9. The fuel head assembly of claim 8, wherein the lower end of the fuel head body is configured as a female portion to mate with a male portion, and wherein the fuel head assembly further comprises a pair of cam arms pivotally connected to the fuel head body.

10. The fuel head assembly of claim 8, wherein the lower end of the fuel head body has a tubular male portion and a flange defining an annular face.

11. The fuel head assembly of claim 10, wherein the fuel head body has a pair of ears, each of the ears having a hole.

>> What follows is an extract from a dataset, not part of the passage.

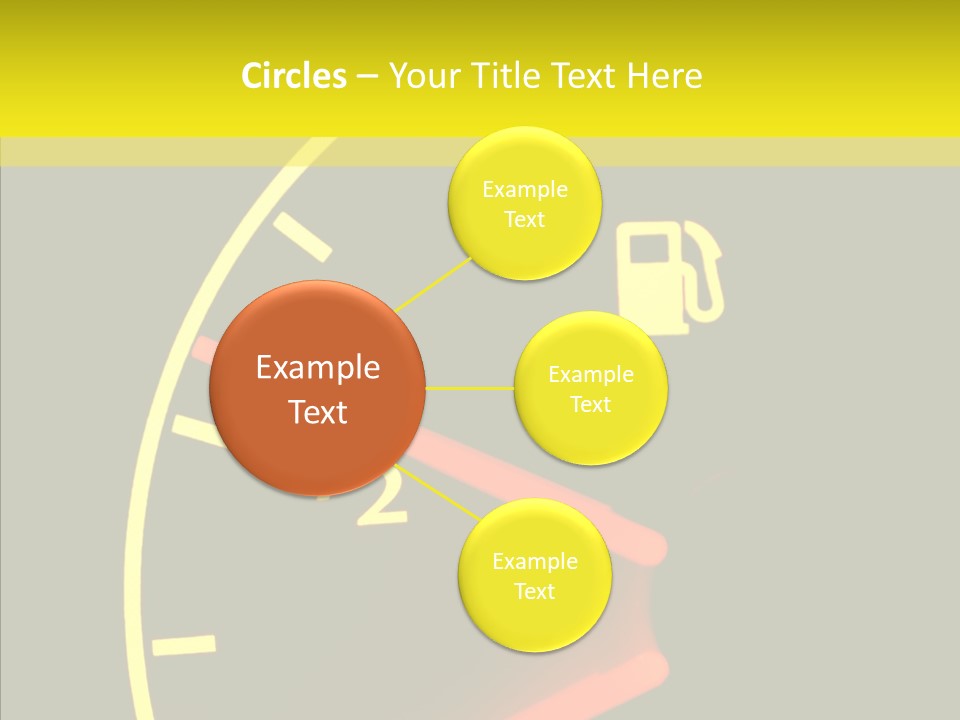 Senior  Caregiver Two PowerPoint Template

12. A fuel head assembly for a fuel tank, comprising:

a fuel head body having an outer side, an upper end, and a lower end, the upper end of the fuel body has an inlet port, a sensor port, and an overflow port, the lower end of the fuel head body configured as a female portion to mate with a male portion connectable to the fuel tank, the inlet port having an upstream end intersecting with the outer side and a downstream end intersecting with the lower end;

an inlet connector connected to the upstream end of the inlet port;

an overflow tube connected to the overflow port; and

a fuel level sensor positioned in the fuel sensor port and having a portion extending into the fuel tank when the fuel head body is connected to the fuel tank, and

a pair of cam arms pivotally connected to the fuel head body,

wherein the upstream end has a diameter greater than a diameter of the downstream end, wherein the fuel head body has a vent port and wherein the fuel head assembly further comprises a check valve positioned in the vent port of the fuel head body.

13. The fuel head assembly of claim 12, wherein the overflow port of the fuel head body has a plurality of inlet sections that merge into an outlet section, the inlet sections intersect the lower end, and the outlet section intersects the outer side.